Dans la même veine, l'organisation soutient que l'enquête entourant les cas d'Abdullah Almalki, d'Ahmad Abou-Elmaati et de Muayyed Nureddin - qui disent avoir été arrêtés et torturés en Syrie ou en Égypte entre 2001 et 2004 à la suite d'informations fournies par les autorités canadiennes - est entourée d'un « secret excessif ».

Certaines portions de l'enquête du juge Frank Iacobbuci à ce sujet se sont effectivement déroulées à huis clos, au grand dam des trois principaux intéressés, de leurs avocats et de groupes de défense des droits de l'homme. Amnistie internationale suit cette affaire de près et a fait des recommandations au magistrat au sujet des critères qu'il devrait utiliser pour son enquête.

Au sujet des autochtones, le rapport note que « les conflits liés aux droits à la terre et aux ressources se sont poursuivis, et le gouvernement n'a toujours pas pris de mesure pour faire en sorte qu'ils soient réglés promptement et de manière impartiale. » L'organisation évoque à ce sujet la situation de la communauté autochtone de Grassy Narrows, en Ontario, et le sort « pénible » enduré par la nation crie du lac Lubicon, dans le nord de l'Alberta.
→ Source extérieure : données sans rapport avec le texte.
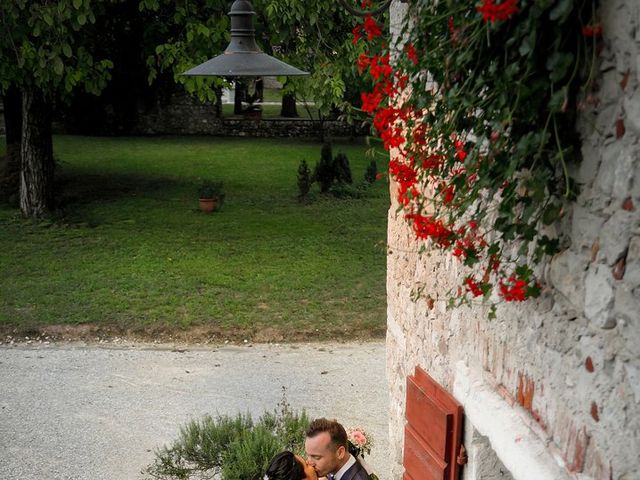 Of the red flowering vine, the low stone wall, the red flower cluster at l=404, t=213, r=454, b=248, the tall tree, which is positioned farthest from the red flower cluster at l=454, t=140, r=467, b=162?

Amnistie internationale dénonce également que les autorités fédérales « n'ont pas adopté de stratégie nationale pour lutter contre la violence et la discrimination à l'encontre des femmes autochtones », ni mis en pratique des recommandations formulées « il y a déjà longtemps concernant les femmes incarcérées dans les prisons fédérales ». Qui plus est, des groupes de défense des femmes ont ralenti ou cessé leurs activités en raison d'un manque de fonds publics.

L'organisation déplore aussi que le Parlement ait déposé un projet de loi - adopté en février - qui modifie certaines dispositions de la loi permettant l'émission de certificats de sécurité. La loi a créé un poste de défenseur dont le rôle est de représenter et de protéger les intérêts des personnes visées par un certificat. Amnistie internationale estime que ce régime ne tient pas compte des préoccupations exprimées par la Cour suprême, qui avait jugé, un an plus tôt, que les certificats contrevenaient à la Charte canadienne des droits et libertés.

Amnistie internationale note que la Cour fédérale a déclaré que l'Entente sur les pays tiers sûrs conclue entre le Canada et les États-Unis contrevenait à la Charte des droits et libertés et au droit international. Ottawa a interjeté appel dans ce dossier.